Setelah anggaran dibuat, Anda dapat menentukan nilai penawaran untuk iklan. Seperti yang sudah dibahas sebelumnya, iklan di social media dijual dengan cara lelang. Anda melakukan maksimum penawaran untuk hasil yang ditargetkan, seperti click atau jumlah impressions atau maksimum budget per hari.
Saat Anda menyiapkan kampanye iklan di platform tertentu, Anda akan memilih strategi penawaran.
Strategi penawaran menginformasikan jumlah yang akan Anda bayarkan untuk setiap tindakan pengguna yang terkait dengan iklan. Terdapat banya pilihan strategi, berikut yang umum digunakan:
CPC atau Cost Per Click, Anda membayar ketika iklan di click. Jadi pengguna akan membaca iklan Anda, jika tertarik mereka mengclick untuk mempelajari lebih lanjut. Keuntungan dari CPC adalah cost-efektif, karena Anda baru membayar ketika seseorang mengclick iklan Anda. CPC cocok digunakan untuk meningkatkan traffic ke website.

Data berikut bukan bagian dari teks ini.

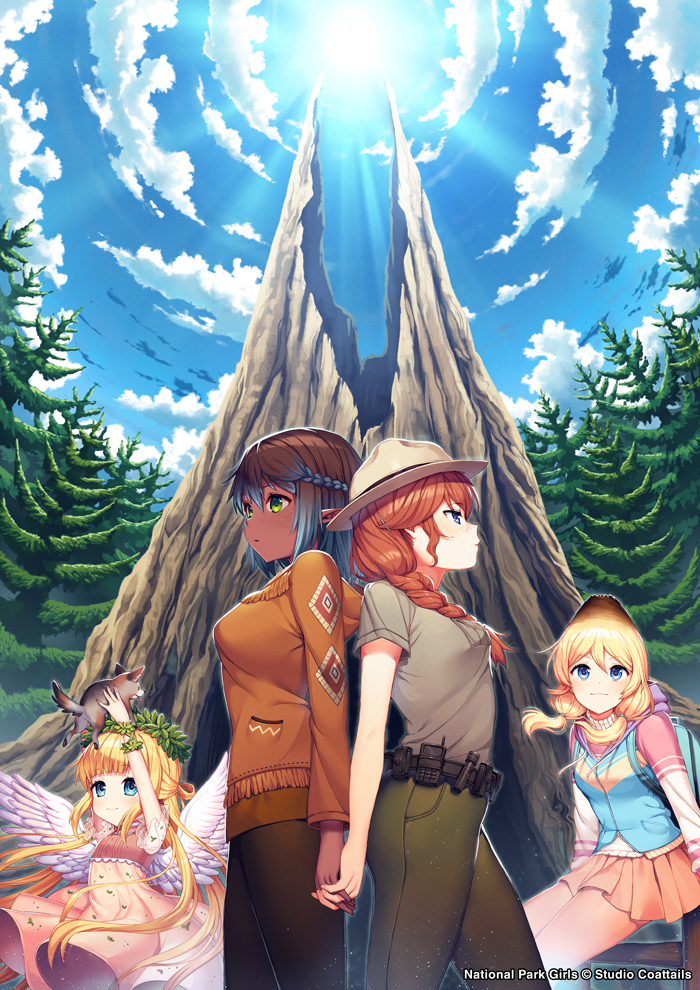 yosemite, eve, zion, and yellowstone (national park girls) drawn by satchely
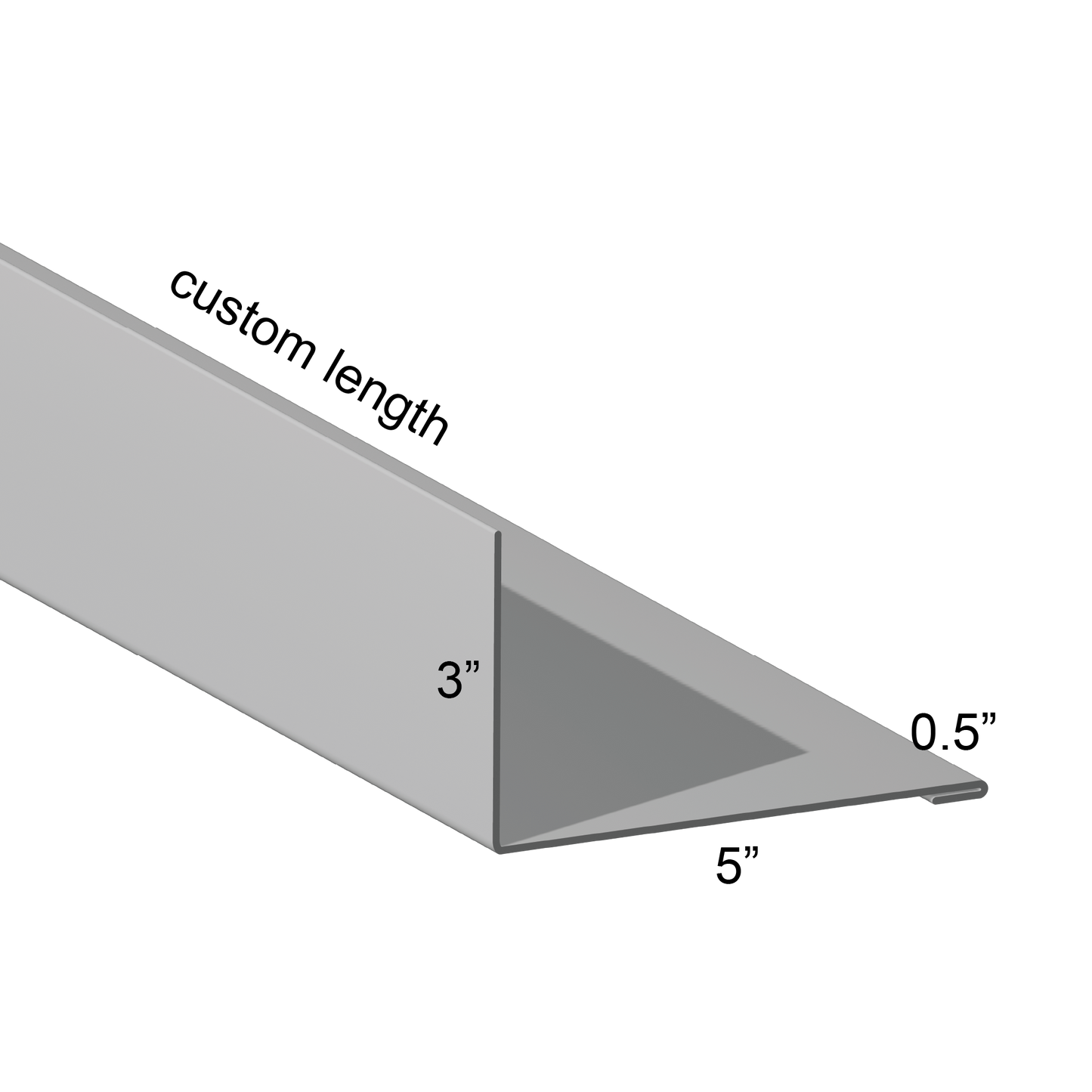 Closure angle Single Hem Mount Leg In 5 inch mount leg custom length
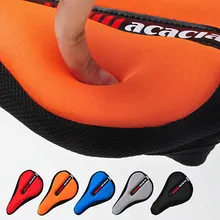 3D Bicycle Saddle Bike Seat High-grade Bicycle Seat Cover Cycling Saddle Mountain Bike Breathable Ride Thickening Soft 5 Colors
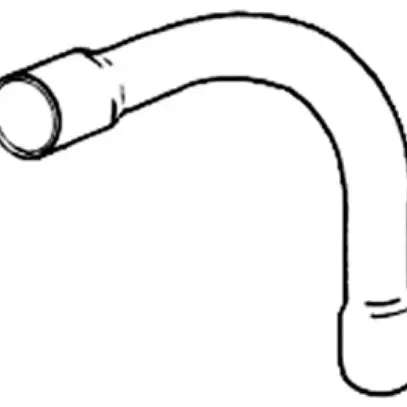 Coude réduit acier A4 M16 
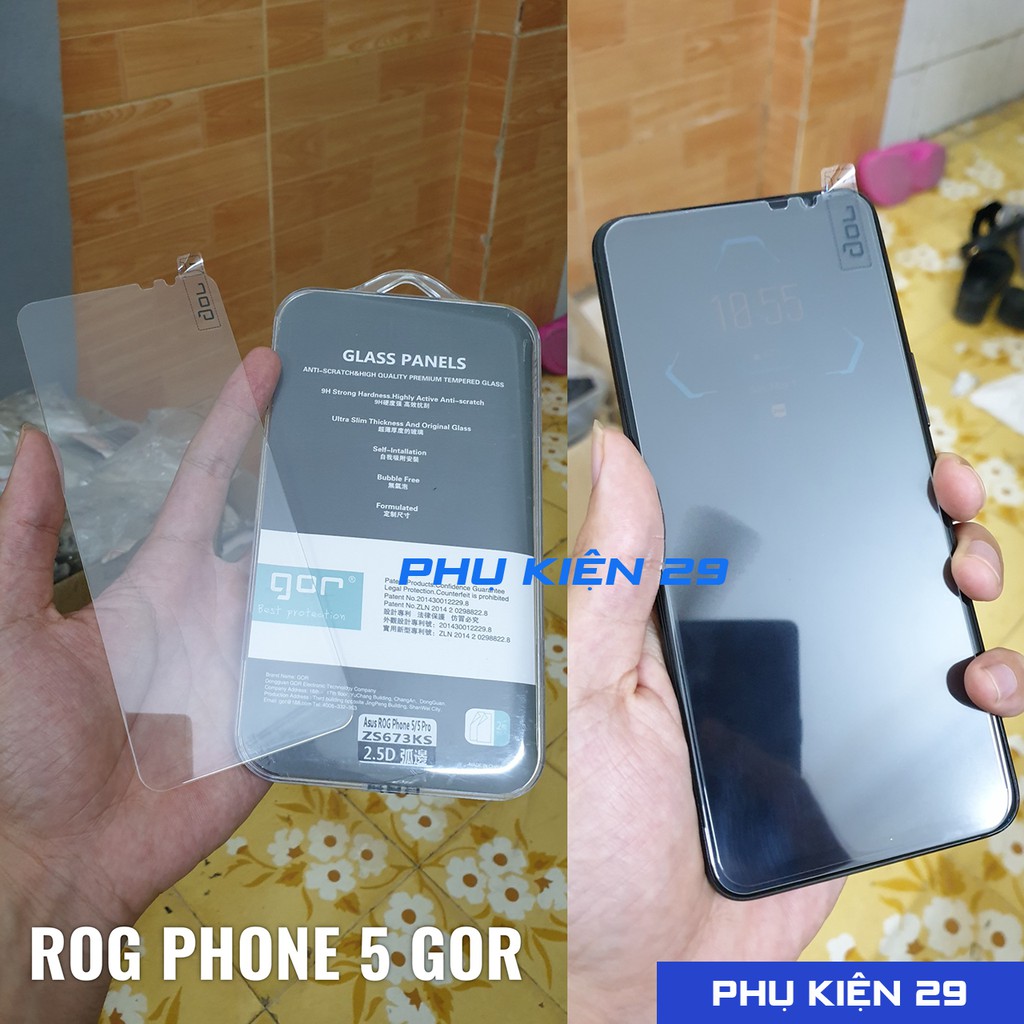 Dán kính cường lực cao cấp chống bám vân tay GOR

CPA atau Cost Per Action, Anda membayar ketika seseorang menyelesaikan suatu tindakan. Sering disebut Cost Per Acquisition. CPA berfokus pada apa yang dikerjakan setelah seseorang mengclick iklan, seperti berlangganan newsletter, menonton video, melakukan pembelian atau tindakan lainnya.

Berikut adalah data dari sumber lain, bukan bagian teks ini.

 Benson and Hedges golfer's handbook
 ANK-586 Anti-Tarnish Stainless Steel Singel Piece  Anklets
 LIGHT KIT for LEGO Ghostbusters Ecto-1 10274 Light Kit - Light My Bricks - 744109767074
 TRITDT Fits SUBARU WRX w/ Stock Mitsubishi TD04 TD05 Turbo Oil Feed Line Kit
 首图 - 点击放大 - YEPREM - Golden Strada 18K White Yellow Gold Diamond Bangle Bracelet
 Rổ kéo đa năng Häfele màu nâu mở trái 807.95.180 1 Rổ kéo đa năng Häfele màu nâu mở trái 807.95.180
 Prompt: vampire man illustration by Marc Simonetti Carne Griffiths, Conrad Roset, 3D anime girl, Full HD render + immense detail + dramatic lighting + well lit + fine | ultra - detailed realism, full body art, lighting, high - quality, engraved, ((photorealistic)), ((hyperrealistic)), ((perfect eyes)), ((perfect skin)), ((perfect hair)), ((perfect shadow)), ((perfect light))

CPA tidak meminta biaya dimuka. Iklan akan tetap muncul, dan Anda membayar jika tindakan yang diharapkan terjadi. Platform akan menampilkan iklan bagi orang-orang yang mungkin akan menyelesaikan tindakan yang Anda inginkan.

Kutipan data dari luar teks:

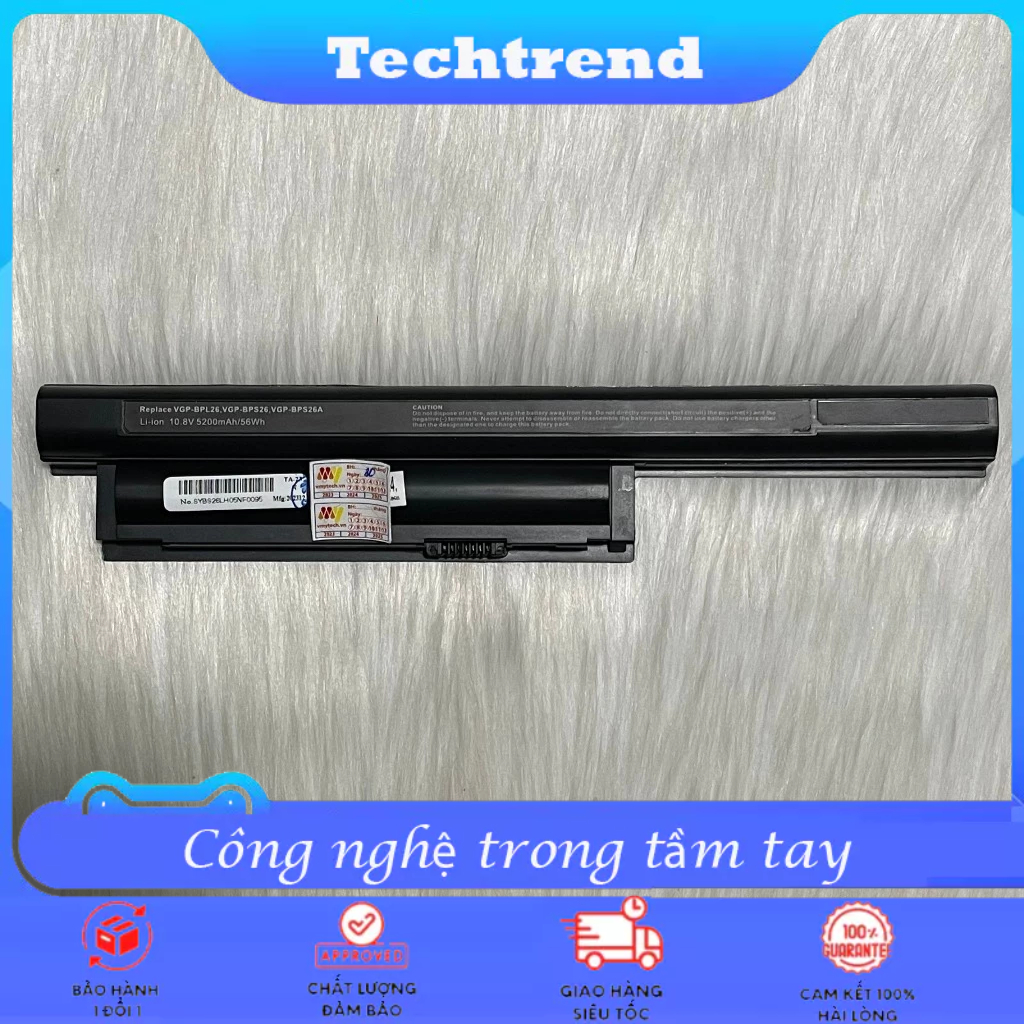 Pin Laptop Sony Vaio BPS26 PCG-71713L PCG-71811L PCG-71911L PCG-71912L PCG-71913L PCG-71914L mới 100%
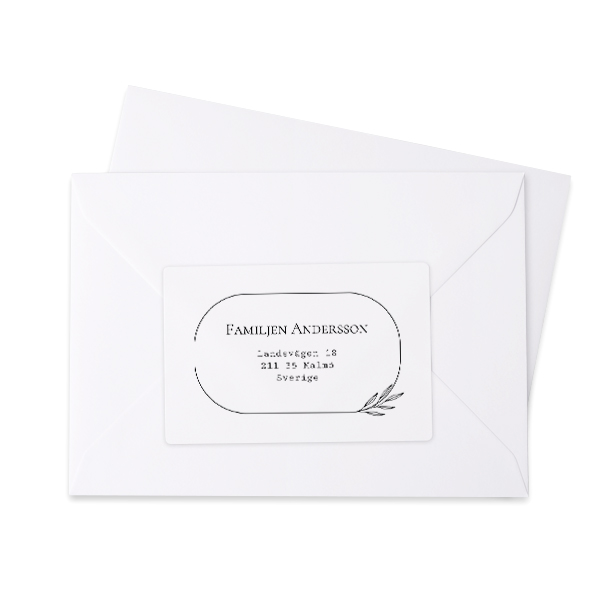 Sender address labels - set of 16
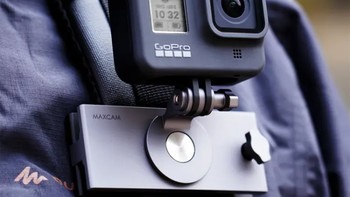 万物皆可测 MAXCAM适用于dji大疆OSMO灵眸ACTION3 2运动相机gopro1109铝合金背包夹固定座单肩挎包双肩书M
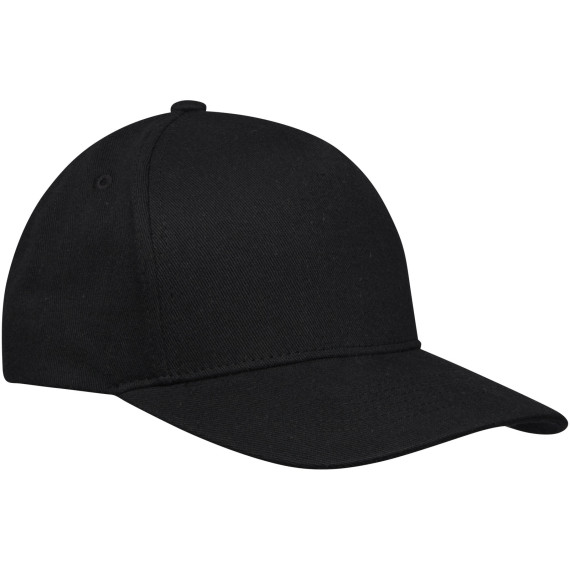 Casquette publicitaire recyclée Onyx Aware™ 5 panneaux 240 g/m2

CPA cocok untuk meningkatkan conversion dan penghasilan. Anda juga bisa membandingkan performa CPA dari berbagai platform.
CPM atau Cost Per Thousand Impressions. Anda membayar untuk setiap seribu impressions iklan. Impression adalah ketika iklan ditampilkan pada target audience.
CPM cocok untuk meningkatkan brand awareness, menyampaikan pesan tertentu, dan meningkatkan engagement.
Dengan berakhirnya modul ini, tutorial Digital Marketing dan e-commerce Profesional – Social Media Marketing telah selesai. Semoga bermanfaat.